Deze enkelzijdig geperste bruine kartonnen platen zijn natuurlijk lichter en gemakkelijker mee te nemen dan de gebruikelijke 78 toeren platen die ongeveer 200 gram per stuk wegen. Een uurtje muziek is dan 2 kilo mee sjouwen. Nadeel is natuurlijk dat men elke drie minuten moet opstaan om de plaat te verwisselen en regelmatig de veer opgewonden moet worden.

Een geweldige vooruitgang is dan deze radio, waar men eenmaal aangezet en op het juiste station afgestemd nauwelijks naar omgekeken hoeft te worden. Het is een toestel volgens het principe van de raamontvanger. In het deksel bevindt zich dan ook een raamantenne. Echter het schema is erg gedateerd en werd in de beginjaren van de radio veelvuldig toegepast maar is eigenlijk in 1930 wel vreselijk ouderwets te noemen. Voordeel is de simpele opbouw vanwege het gebruikte schema.

Van een lid, afdeling Veron Alkmaar,  kreeg ik de tip dat het toestel in een kringloopwinkel te koop stond, waar hij zo af en toe zelf wat technische reparaties verzorgde. De volgende dag ging ik er heen en men had het al voor mij weggezet. Volgens de eigenaar een zeer antiek zeldzaam exemplaar en de prijs loog er niet om. Mijn bescheiden bod deed hij af met de woorden “Ik heb het al op marktplaats gezet en ik verwacht toch wel even wat meer dan uw bod”.

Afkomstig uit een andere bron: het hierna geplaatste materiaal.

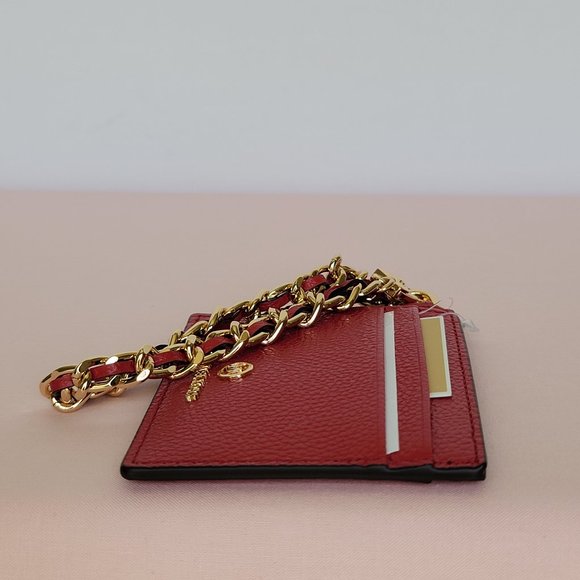 MICHAEL KORS Jet Set Small ID Pebbled Leather Chain Card Holder Case-Crimson⭐ - Picture 15 of 16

Ik wilde niet hoger gaan, het is leuk voor een lezing maar meer ook niet. Ik deed enige stappen naar de deur draaide mij om en zei: “Ik zal mijn adres geven mocht het niets worden kan u mij altijd nog bellen“. Bij de uitgang aangekomen riep hij mij terug met de woorden: “Vooruit dan maar dan ben ik er van af“. Even later wandelde ik met het koffertje naar buiten. Thuis gekomen bleek al snel dat er nog al wat aan gedaan moest worden alvorens het te kunnen gebruiken voor de lezing in ons radiocafé. Na wat technisch onderzoek bleek een van de laagfrequent transformatoren defect. Dat voorlopig opgelost met een koppelcondensator en een lekweerstand.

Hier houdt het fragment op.